Task instructions:
Repeat exactly the lines below from the line that contains "Surface pressure CMC TS Fr 29.03.2024 16 UTC" to the last line, inclusive, without the pictures.

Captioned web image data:
§

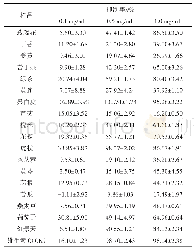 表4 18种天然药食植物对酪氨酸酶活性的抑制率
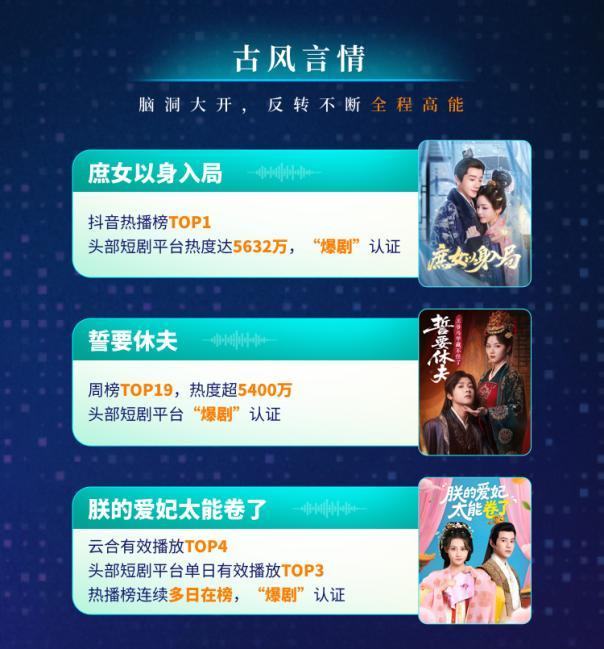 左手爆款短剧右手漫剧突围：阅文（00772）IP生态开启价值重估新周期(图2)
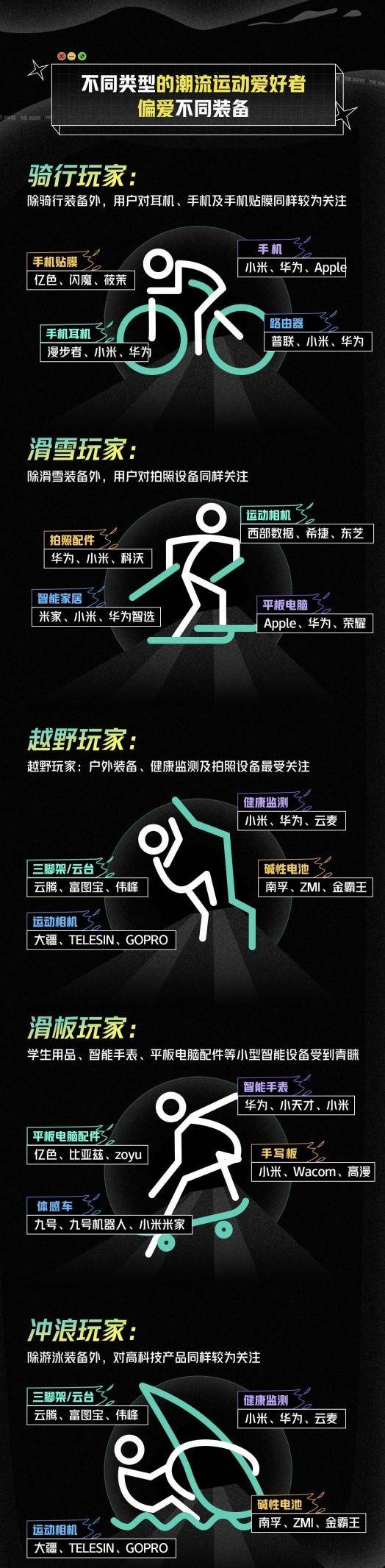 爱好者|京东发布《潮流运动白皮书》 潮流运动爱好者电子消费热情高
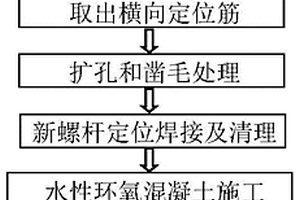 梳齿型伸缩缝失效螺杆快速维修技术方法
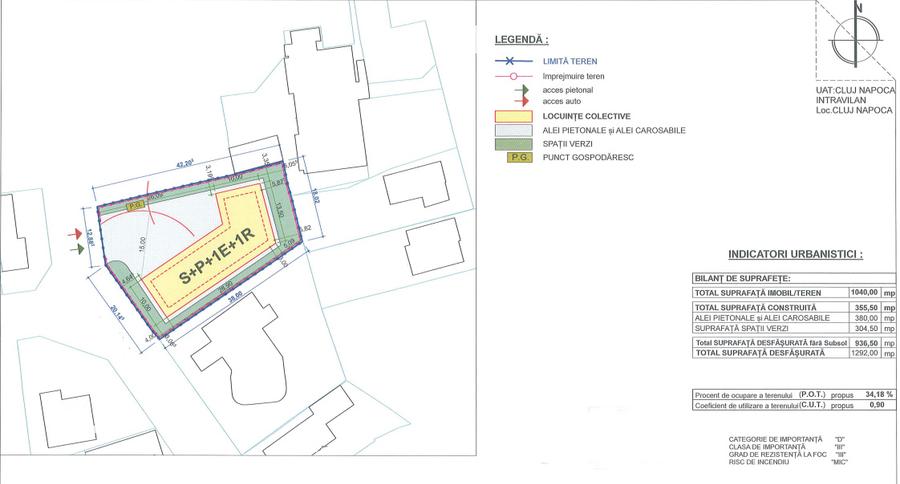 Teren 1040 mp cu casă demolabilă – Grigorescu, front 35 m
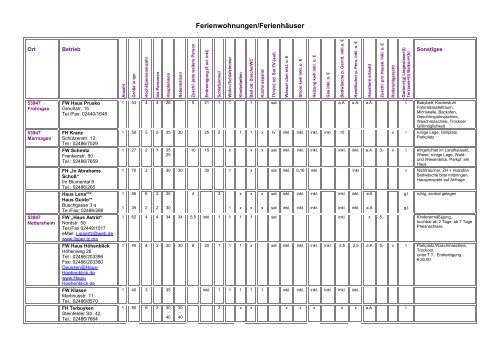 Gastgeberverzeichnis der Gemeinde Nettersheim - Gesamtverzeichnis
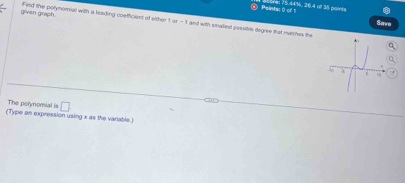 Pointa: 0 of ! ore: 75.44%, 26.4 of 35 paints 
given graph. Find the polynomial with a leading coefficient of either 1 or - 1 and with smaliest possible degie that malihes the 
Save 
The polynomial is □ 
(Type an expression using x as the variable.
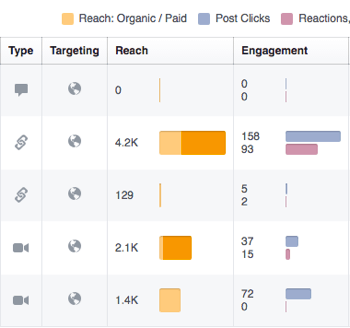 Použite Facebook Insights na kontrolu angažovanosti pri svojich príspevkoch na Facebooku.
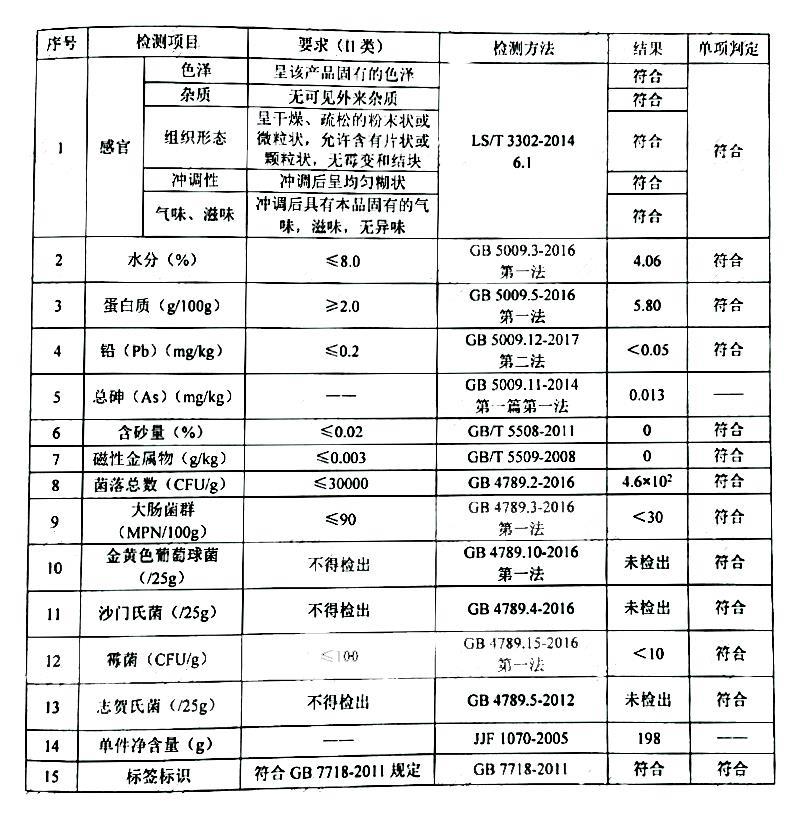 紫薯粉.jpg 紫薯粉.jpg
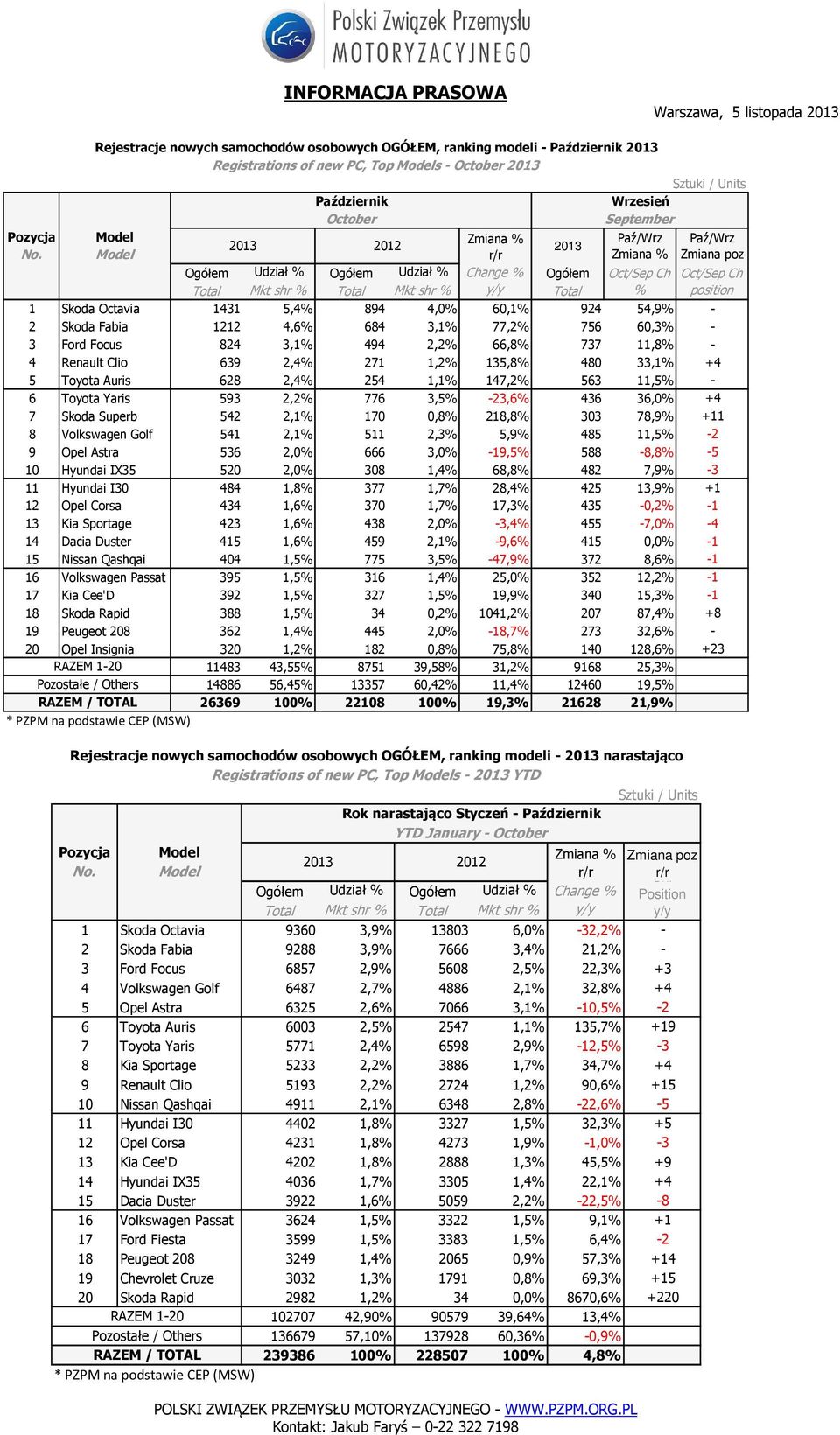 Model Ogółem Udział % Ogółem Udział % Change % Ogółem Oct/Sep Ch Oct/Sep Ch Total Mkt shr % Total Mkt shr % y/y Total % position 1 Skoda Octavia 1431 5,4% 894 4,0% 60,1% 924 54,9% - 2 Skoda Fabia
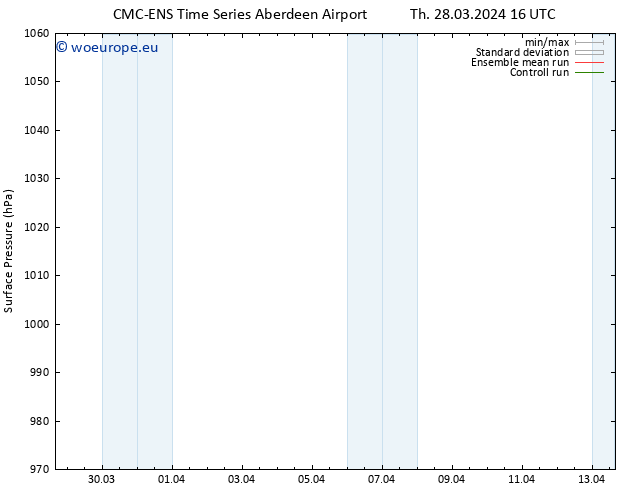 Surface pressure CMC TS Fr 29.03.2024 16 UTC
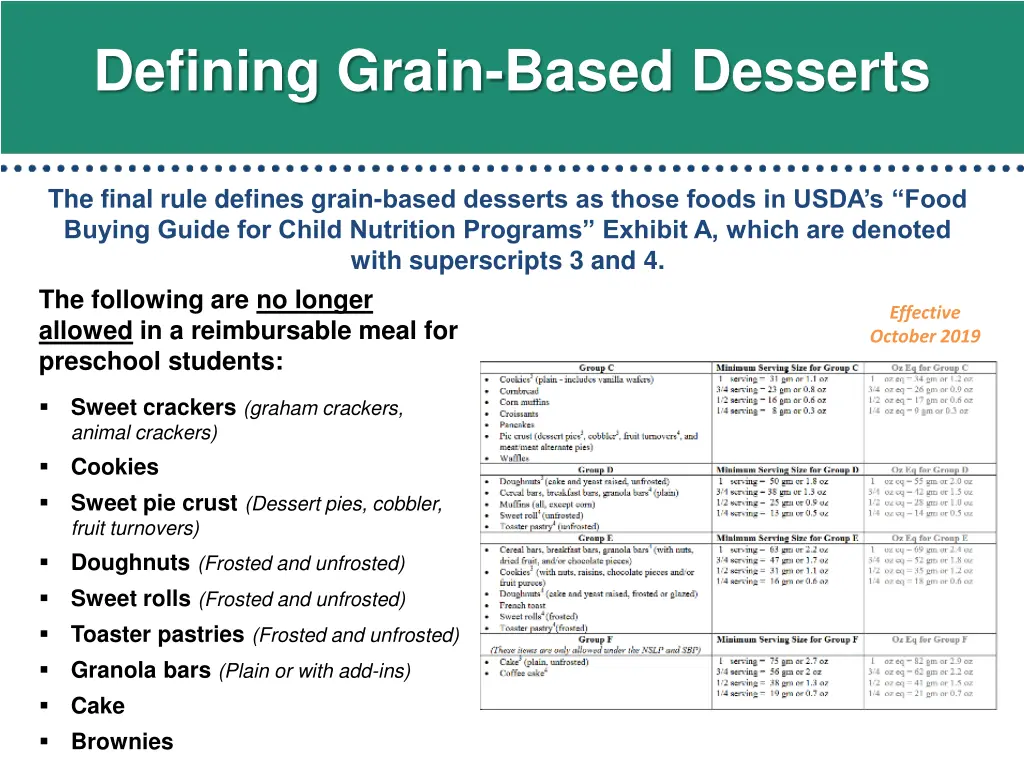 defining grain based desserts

§

Solution to the problem:
 Surface pressure CMC TS Fr 29.03.2024 16 UTC
 defining grain based desserts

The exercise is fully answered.